Maas drohte Russland mit weiteren Sanktionen wegen der Inhaftierung des Kremlkritikers Alexej Nawalny und wegen der Festnahmen bei Protesten im ganzen Land gedroht. Ein Ende von Nord Stream 2 lehnte er ab. «Sanktionen müssen die richtigen treffen. Und in diesem Fall sind das diejenigen, die verantwortlich sind für das repressive Vorgehen der Staatsmacht gegen ihre eigenen Bürgerinnen und Bürger und nicht Arbeitnehmerinnen und Arbeitnehmer von fast 150 europäische Unternehmen - die meisten davon aus Deutschland.»
Maas verwies auf das «Eskalationspotenzial» eines Stopps bei der Pipeline.

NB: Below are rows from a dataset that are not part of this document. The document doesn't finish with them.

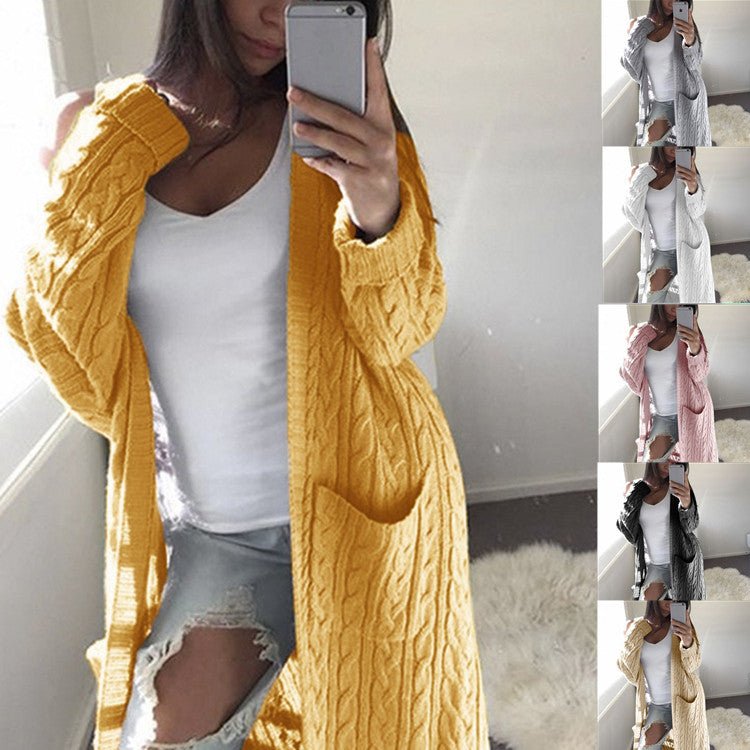 Double pocket full body twist sweater - Amara Luxe Fine Boutique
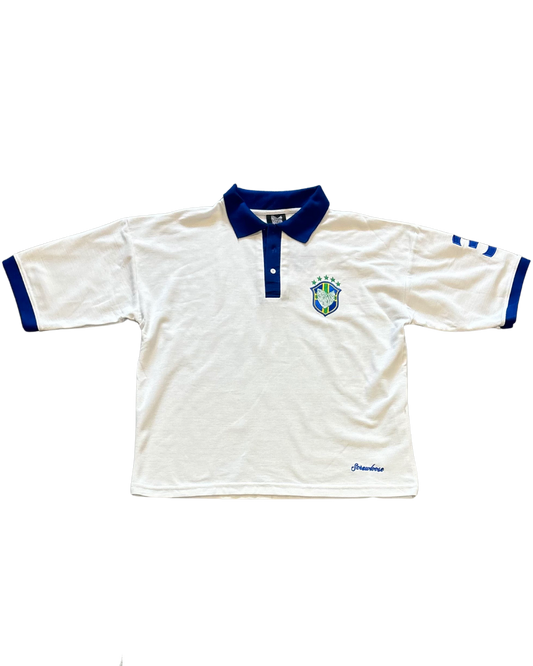 SCREWLOOSE OG BRAZIL POLO TEE - WHITE/BLUE
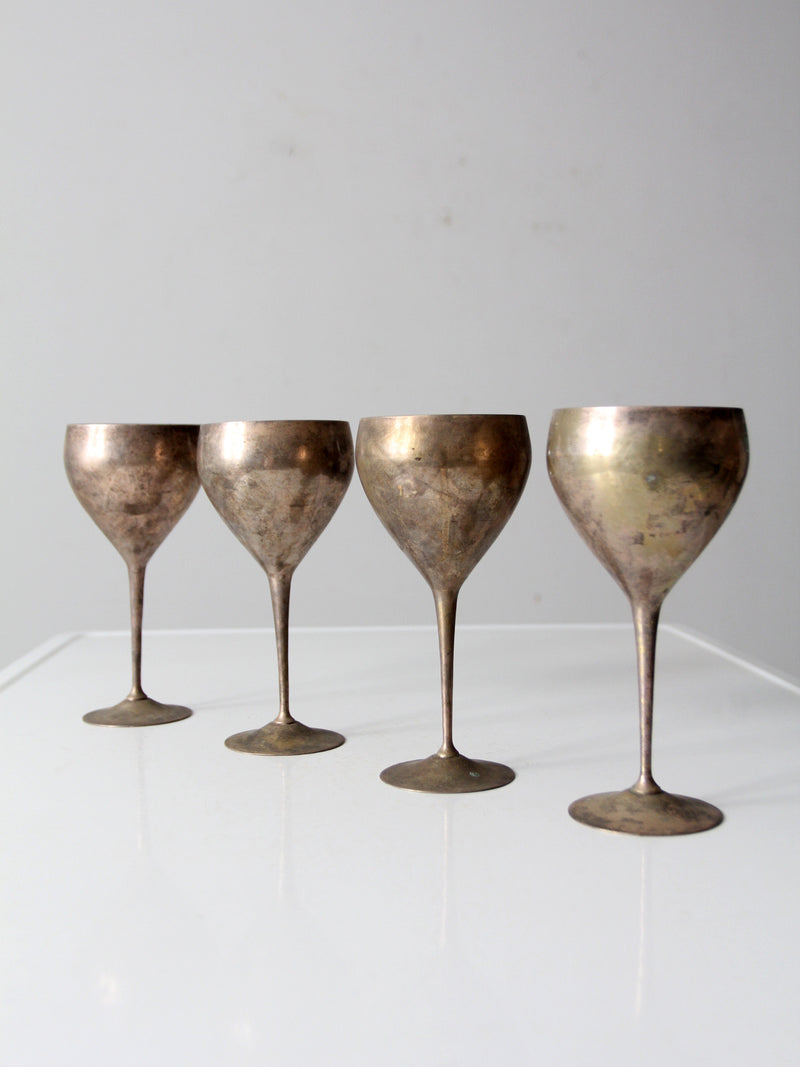 mid-century Leonard silver-plate goblets, set of 4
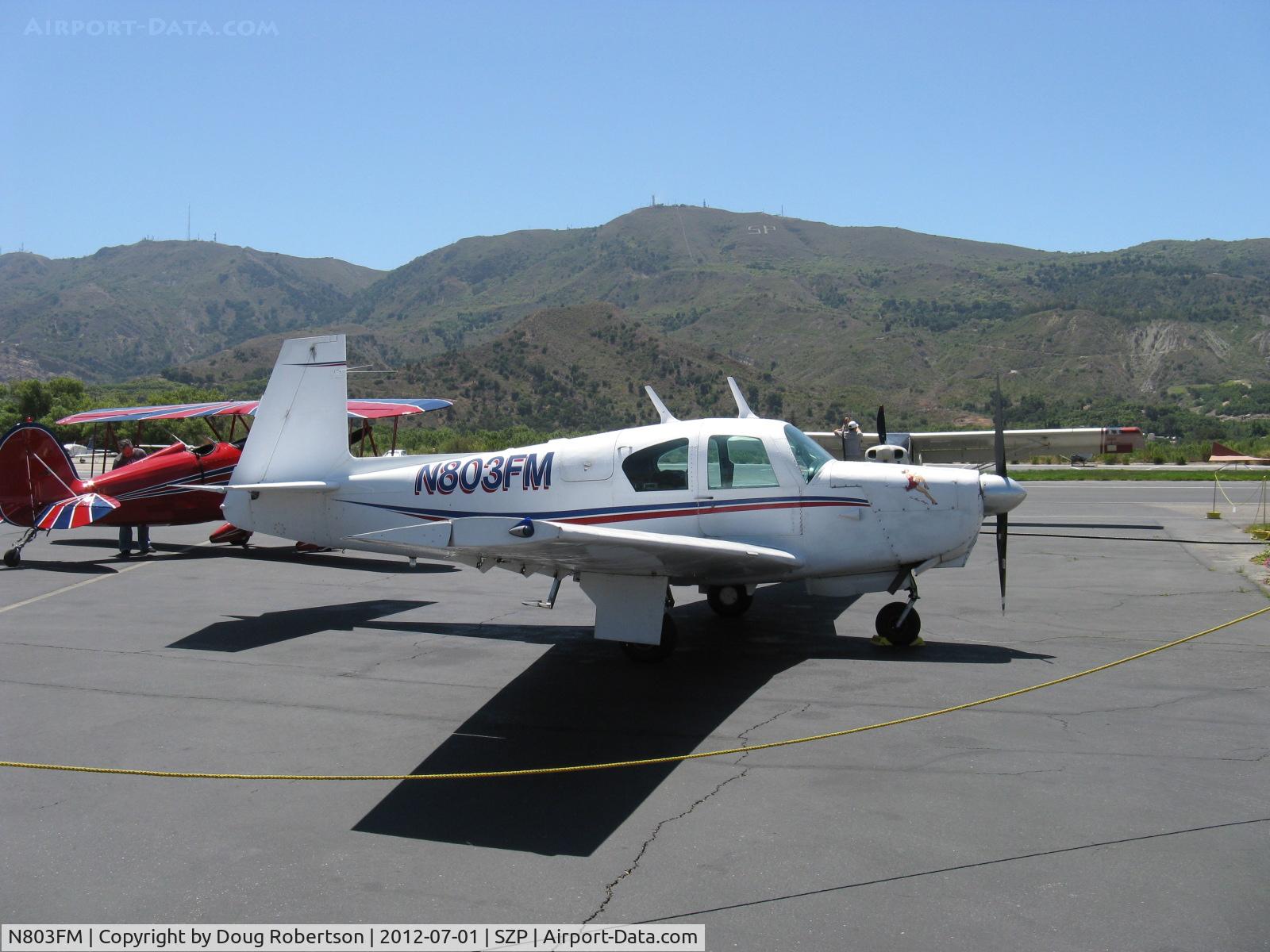 N803FM, 1961 Mooney M20B Mark 21 C/N 1803, 1961 Mooney M20B Mk.21, Lycoming O-360-A1D 180 Hp, this engine with impulse-coupled mags. B model first M20 with metal wings, tail; so all-metal. M20B production numbered 223 aircraft.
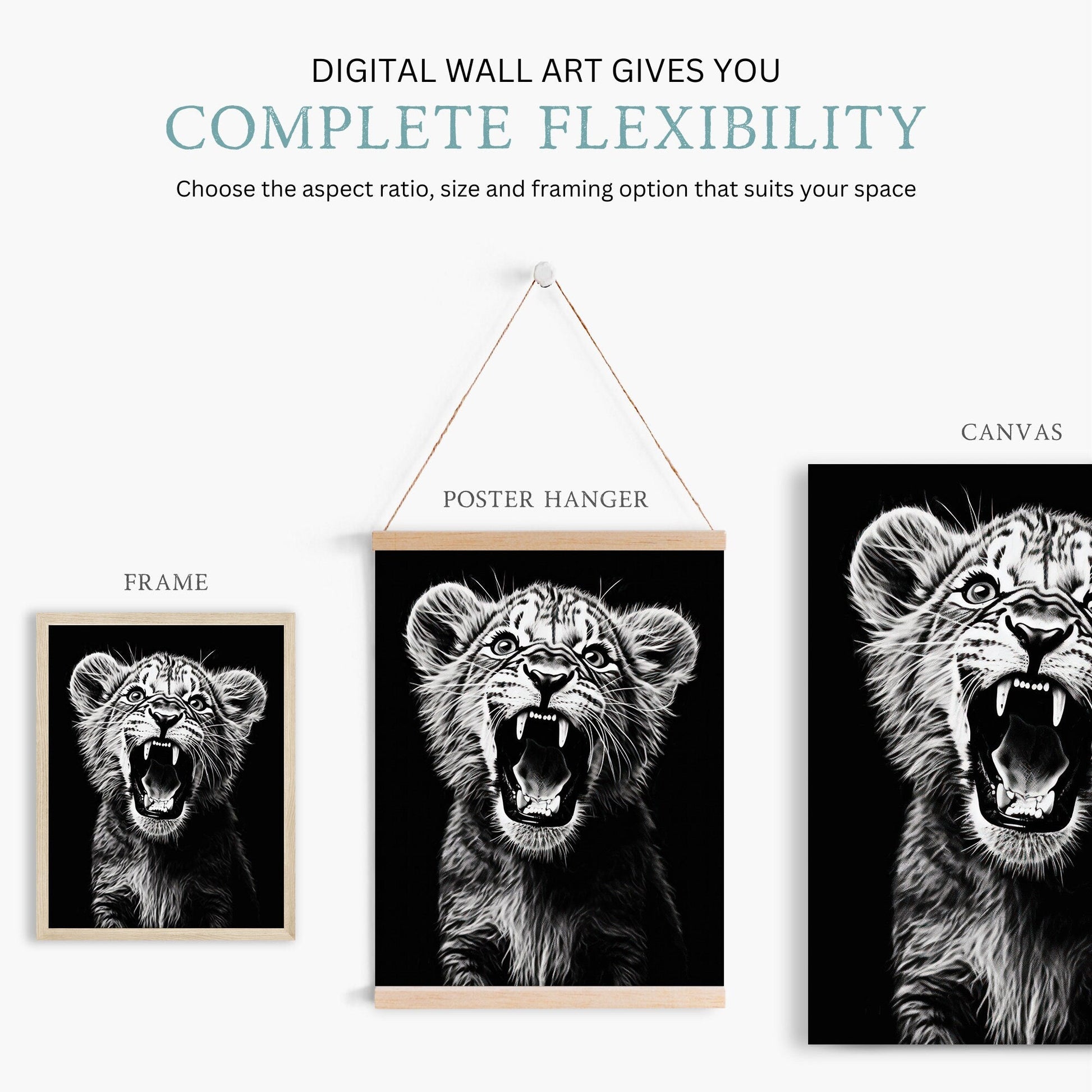 Baby Lion Nursery Art, Cute Safari Room Decor, Roaring Lion Cub Print - WildfieldPrints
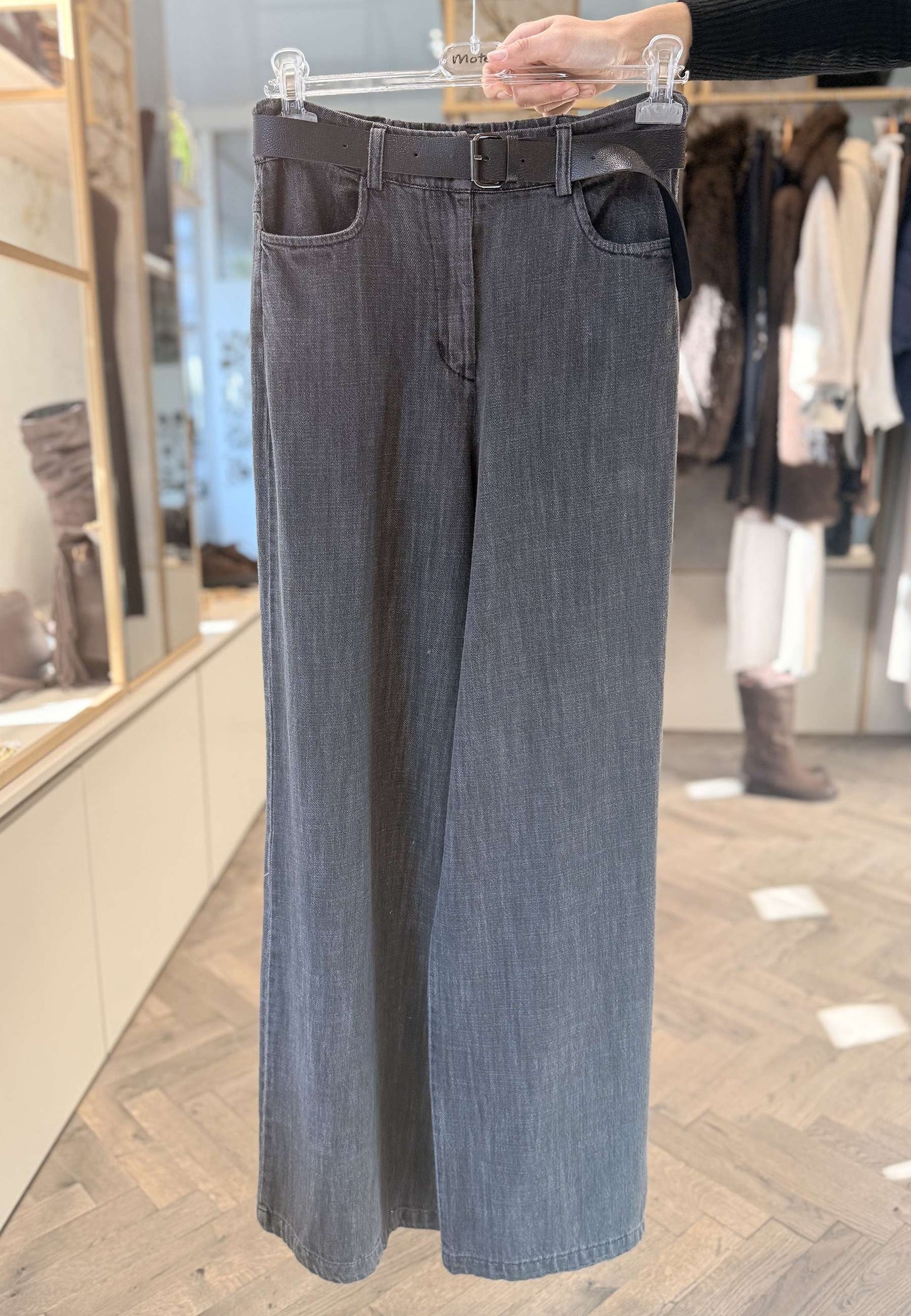 LE STREGHE - Jeans A Palazzo Grigio Scuro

Eine völlige wirtschaftliche Isolation Russlands und gleichzeitig auch Chinas bewirke ein Zusammenrücken beider Länder und schaffe letztlich «den größten wirtschaftlichen, militärischen Verbund, den es gibt». Das könne nicht die Strategie des Westens in dieser Auseinandersetzung sein. «Deshalb bin ich dagegen, alle Brücken nach Russland abzuschlagen.»
Die Bundesregierung lehnt eine Stellungnahme ab
Unterdessen mehren sich die Hinweise, dass auch die Bundesregierung und die SPD-Fraktionsspitze in den umstrittenen Vorschlag von Scholz eingebunden waren. Der Brief sei mit den Fachressorts abgestimmt gewesen, sagte SPD-Parlamentsgeschäftsführer Carsten Schneider am Mittwoch in Berlin. Auch das Kanzleramt sei eingebunden gewesen.
»Ich stehe hinter diesem Angebot«, sagte Schneider. Der Bau von Flüssiggas-Terminals sei im Sinne einer Diversifizierung der Gasversorgung sinnvoll, daran sei »nichts Schändliches«, sagte der SPD-Politiker. Er bekräftigte auch seine Unterstützung für Nord Stream 2.
Gleichzeitig kritisierte er das Vorgehen der Opposition. Auf Twitter schrieb er: Während bei den Bund-Länder Gesprächen zu Corona darum gerungen werde, wie es mit Deutschland weitergehen soll, würden die Grünen den Finanzminister gemeinsam mit der AfD ins Plenum kommen lassen, obwohl es da um Menschrechtspolitik in Russland gehe und der Außenminister bereits anwesend sei.
Schneider schrieb, die Grünen seien informiert gewesen, dass aufgrund der schlechten Anreisebedingungen viele Kolleginnen und Kollegen nicht anwesend sein konnten. Mit Blick auf die Dringlichkeit der Corona-Gespräche zwischen Bund und Ländern sagte er: »Das Vorgehen der Grünen ist unfair und dem Ernst der Lage nicht angemessen.«
Die Bundesregierung lehnte am Mittwoch eine Stellungnahme ab. Hier würden vertrauliche Gespräche thematisiert, zu denen die Regierung »grundsätzlich keine Stellung« nehme, sagte Vizeregierungssprecherin Ulrike Demmer. Zum Thema Sanktionen gegen Nord Stream 2 habe es stets einen Austausch mit den USA gegeben und den gebe es auch weiterhin. Dieser Austausch sei aber vertraulich, sagte Demmer. Auch ein Sprecher des Bundesfinanzministeriums sowie eine Sprecherin des Auswärtigen Amtes wollten sich zu dem Vorgang nicht äußern.